Vector Instruction Set: Compare And Select¶
pto.v* compare and select instruction sets are defined here. Predicate production and selection behavior are specified explicitly because later vector and control operations depend on those exact mask semantics.
Category: Comparison and conditional selection operations Pipeline: PIPE_V (Vector Core)
Operations that compare vectors and conditionally select elements.
Common Operand Model¶
%src0and%src1are source vector operands.%scalaris the scalar operand for scalar-comparison instruction sets.%seedis the incoming predicate that limits which lanes participate in the compare.%resultis either a predicate mask (vcmp,vcmps) or a vector register (vsel,vselr,vselrv2).
Comparison Operations¶
pto.vcmp¶
- syntax:
%result = pto.vcmp %src0, %src1, %seed, "CMP_MODE" : !pto.vreg<NxT>, !pto.vreg<NxT>, !pto.mask<G> -> !pto.mask<G> - semantics: Element-wise comparison, output predicate mask.
for (int i = 0; i < N; i++)
if (seed[i])
dst[i] = (src0[i] CMP src1[i]) ? 1 : 0;
Compare modes:
| Mode | Operation |
|---|---|
eq |
Equal (==) |
ne |
Not equal (!=) |
lt |
Less than (<) |
le |
Less than or equal (<=) |
gt |
Greater than (>) |
ge |
Greater than or equal (>=) |
Example:
%all_active = pto.pset_b32 "PAT_ALL" : !pto.mask<G>
%lt_mask = pto.vcmp %a, %b, %all_active, "lt" : !pto.vreg<64xf32>, !pto.vreg<64xf32>, !pto.mask<b32> -> !pto.mask<b32>
// lt_mask[i] = 1 if a[i] < b[i]
- inputs:
%src0,%src1, and%seed;CMP_MODEselects the comparison predicate. - outputs:
%resultis the generated predicate mask. - constraints and limitations: Only lanes enabled by
%seedparticipate. Integer and floating-point comparisons follow their own element-type-specific comparison rules.
pto.vcmps¶
- syntax:
%result = pto.vcmps %src, %scalar, %seed, "CMP_MODE" : !pto.vreg<NxT>, T, !pto.mask<G> -> !pto.mask<G> - semantics: Compare vector against scalar.

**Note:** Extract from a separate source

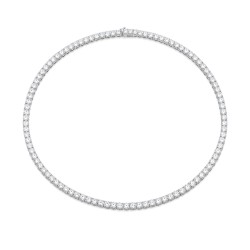 27,36 Karat Laboratuvar Pırlanta Cushion Su Yolu Gerdanlık EKLY20-B 27,36 Karat Laboratuvar Pırlanta Cushion Su Yolu Gerdanlık EKLY20-B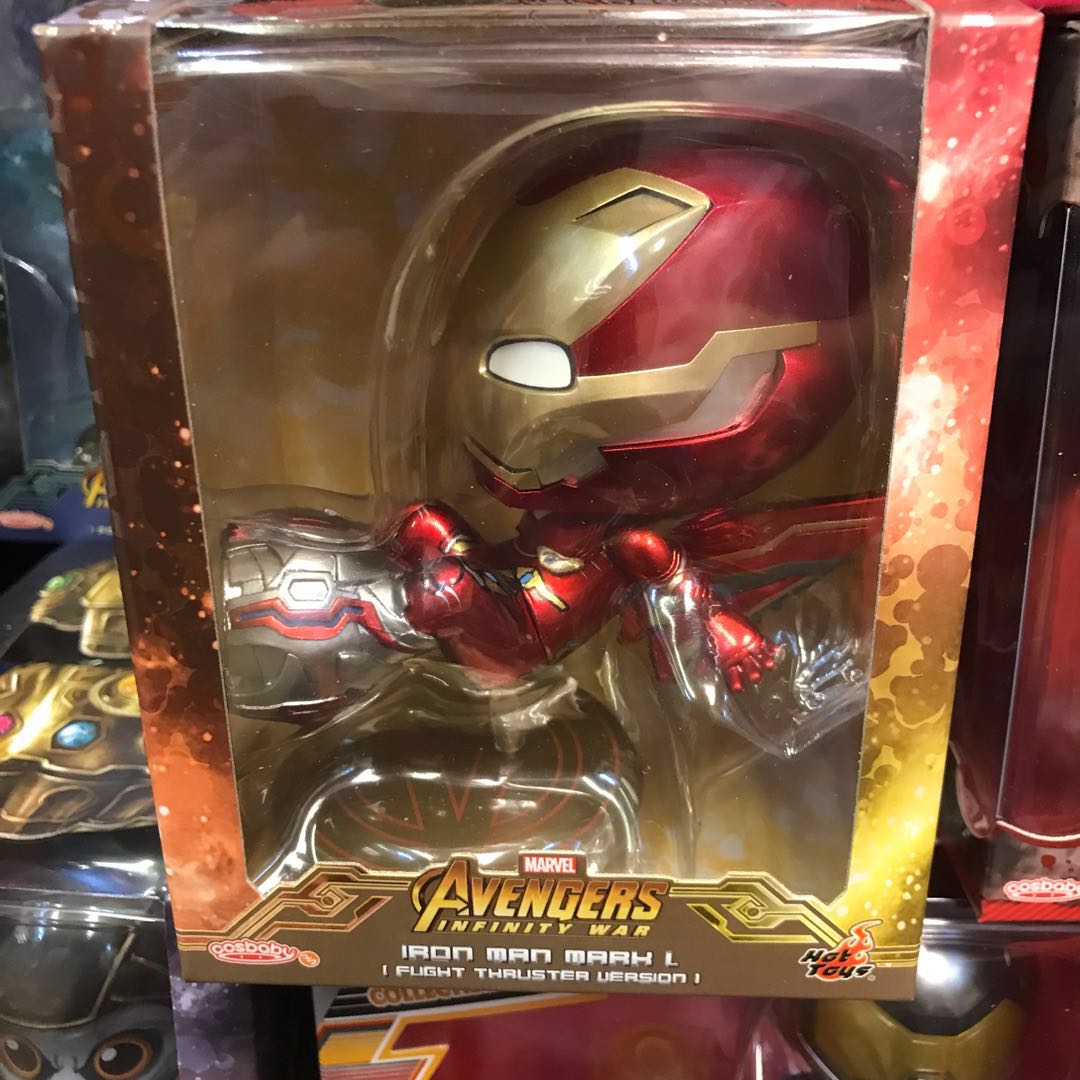 iron man cosbaby infinity war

for (int i = 0; i < N; i++)
if (seed[i])
dst[i] = (src[i] CMP scalar) ? 1 : 0;
Example:
%positive_mask = pto.vcmps %values, %c0_f32, %all_active, "gt"
: !pto.vreg<64xf32>, f32, !pto.mask<b32> -> !pto.mask<b32>
// positive_mask[i] = 1 if values[i] > 0
- inputs:
%srcis the vector source,%scalaris the scalar comparison value, and%seedis the incoming predicate. - outputs:
%resultis the generated predicate mask. - constraints and limitations: For 32-bit scalar forms, the scalar source MUST satisfy the backend's legal scalar-source constraints for this instruction set.
Selection Operations¶
pto.vsel¶
- syntax:
%result = pto.vsel %src0, %src1, %mask : !pto.vreg<NxT>, !pto.vreg<NxT>, !pto.mask<G> -> !pto.vreg<NxT> - semantics: Per-lane select based on mask.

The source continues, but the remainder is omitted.